N E G AT I V E I M P AC T S O F W AT E R S TO RAG E R E SE R VOI R S AN D M E AS U R E S FO R T H EI R M AI N T E N AN C E

Construction of each water storage reservoir is followed by some negative impacts. Most of those negative impacts could be maintained, mitigated or completely eliminated by adequate design solutions. The most important negative impacts are:

- Impact on riparian area as a result of changed groundwater regimes. That impact is specially seen at reservoirs on alluvial rivers, with low riparian area. It can be successfully neutralized by constructing suitable drainage system. Those systems become inseparable part of the area and enable managing groundwater regimes - maintenance of groundwater levels within defined boundaries appropriate for urban systems and agricultural production. Those systems can be of two purposes - drainage and irrigation, when negative impact transforms into the positive. It was performed in riparian area of HPP Đerdap, and the same principles of managing groundwater regimes is planned for riparian area of Velika Morava, Mačva and Semberia after construction of integral Systems on Morava and Drina River.

- Reservoir sedimentation as a result of disturbed regimes of deposit flow is negative impact that cannot be neutralized, but can be mitigated and maintained by adequate anti erosion works and selection of adequate discharge objects.
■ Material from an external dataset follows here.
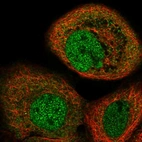 Immunofluorescent staining of human cell line A-431 shows localization to nucleoplasm & cytosol.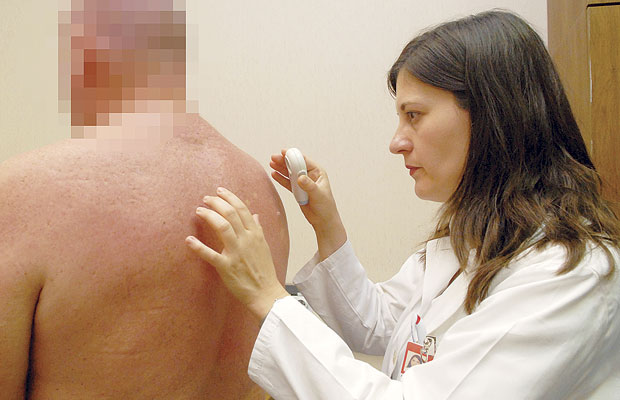 Рак коже лечимо као пре 40 година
- Change of ecological factors can endanger survivor and development of some biocenoses in the backwater zone. Changed water regimes in backwater zones change living conditions for biocenoses in that zone. Conditions for development of reobionits - species adopted living in fast waters, change very unfavourable. Survival of those species can be provided if some parts of the river, out from the backwater zones, remain in their natural condition.

- Dams are barriers for fish migration. That negative impact can be successfully solved if special structures for fish migration are provided: for lower barriers - fish paths, and for higher - fish navigation lock and fish elevators. In some cases disturbance in fish reproduction can be solved by special spawning zones in backwater.

- Eutrophication of lakes is one of the most serious problems causing water quality degradation if protection measures are not implemented. Those negative impacts can be neutralized and controlled if control of inflow water quality is performed. There are mathematical models for predicting water quality. Those models, with appropriate investigation, can predict changes of water quality. That enables designer to make some changes in reservoir design and to predict adequate protection measures [3].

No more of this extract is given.